Source data: Begin
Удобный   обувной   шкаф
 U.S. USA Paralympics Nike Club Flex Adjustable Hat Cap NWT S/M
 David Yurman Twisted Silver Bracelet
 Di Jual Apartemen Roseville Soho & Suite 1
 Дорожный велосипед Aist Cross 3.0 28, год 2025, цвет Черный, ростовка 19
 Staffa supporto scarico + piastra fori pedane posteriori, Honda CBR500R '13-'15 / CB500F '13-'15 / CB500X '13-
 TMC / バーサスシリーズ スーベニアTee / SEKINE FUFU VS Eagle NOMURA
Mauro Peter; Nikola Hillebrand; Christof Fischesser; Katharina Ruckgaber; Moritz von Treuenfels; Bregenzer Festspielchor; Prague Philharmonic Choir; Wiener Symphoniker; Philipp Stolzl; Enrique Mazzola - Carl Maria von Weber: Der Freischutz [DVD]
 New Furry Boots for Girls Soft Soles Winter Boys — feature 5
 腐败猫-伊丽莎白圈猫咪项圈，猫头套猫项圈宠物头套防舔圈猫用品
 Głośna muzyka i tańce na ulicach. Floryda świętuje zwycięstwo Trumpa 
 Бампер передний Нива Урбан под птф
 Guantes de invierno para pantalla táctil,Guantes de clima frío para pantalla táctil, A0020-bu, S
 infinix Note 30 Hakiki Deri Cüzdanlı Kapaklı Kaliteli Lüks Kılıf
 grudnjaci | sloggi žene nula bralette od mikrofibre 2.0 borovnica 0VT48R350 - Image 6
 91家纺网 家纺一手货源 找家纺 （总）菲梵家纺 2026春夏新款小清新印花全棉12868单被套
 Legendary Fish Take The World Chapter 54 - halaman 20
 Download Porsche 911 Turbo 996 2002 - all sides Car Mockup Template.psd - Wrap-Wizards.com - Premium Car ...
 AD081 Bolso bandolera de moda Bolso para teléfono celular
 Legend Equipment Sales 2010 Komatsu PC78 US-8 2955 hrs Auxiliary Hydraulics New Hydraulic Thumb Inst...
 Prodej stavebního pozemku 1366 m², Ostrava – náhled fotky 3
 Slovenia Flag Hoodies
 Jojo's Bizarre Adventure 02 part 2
Source data: End
Exercise aim - Print, please, the lines above from the very first through the one that holds "AD081 Bolso bandolera", both included, word for word and with nothing else.

Solution for this exercise -
Удобный   обувной   шкаф
 U.S. USA Paralympics Nike Club Flex Adjustable Hat Cap NWT S/M
 David Yurman Twisted Silver Bracelet
 Di Jual Apartemen Roseville Soho & Suite 1
 Дорожный велосипед Aist Cross 3.0 28, год 2025, цвет Черный, ростовка 19
 Staffa supporto scarico + piastra fori pedane posteriori, Honda CBR500R '13-'15 / CB500F '13-'15 / CB500X '13-
 TMC / バーサスシリーズ スーベニアTee / SEKINE FUFU VS Eagle NOMURA
Mauro Peter; Nikola Hillebrand; Christof Fischesser; Katharina Ruckgaber; Moritz von Treuenfels; Bregenzer Festspielchor; Prague Philharmonic Choir; Wiener Symphoniker; Philipp Stolzl; Enrique Mazzola - Carl Maria von Weber: Der Freischutz [DVD]
 New Furry Boots for Girls Soft Soles Winter Boys — feature 5
 腐败猫-伊丽莎白圈猫咪项圈，猫头套猫项圈宠物头套防舔圈猫用品
 Głośna muzyka i tańce na ulicach. Floryda świętuje zwycięstwo Trumpa 
 Бампер передний Нива Урбан под птф
 Guantes de invierno para pantalla táctil,Guantes de clima frío para pantalla táctil, A0020-bu, S
 infinix Note 30 Hakiki Deri Cüzdanlı Kapaklı Kaliteli Lüks Kılıf
 grudnjaci | sloggi žene nula bralette od mikrofibre 2.0 borovnica 0VT48R350 - Image 6
 91家纺网 家纺一手货源 找家纺 （总）菲梵家纺 2026春夏新款小清新印花全棉12868单被套
 Legendary Fish Take The World Chapter 54 - halaman 20
 Download Porsche 911 Turbo 996 2002 - all sides Car Mockup Template.psd - Wrap-Wizards.com - Premium Car ...
 AD081 Bolso bandolera de moda Bolso para teléfono celular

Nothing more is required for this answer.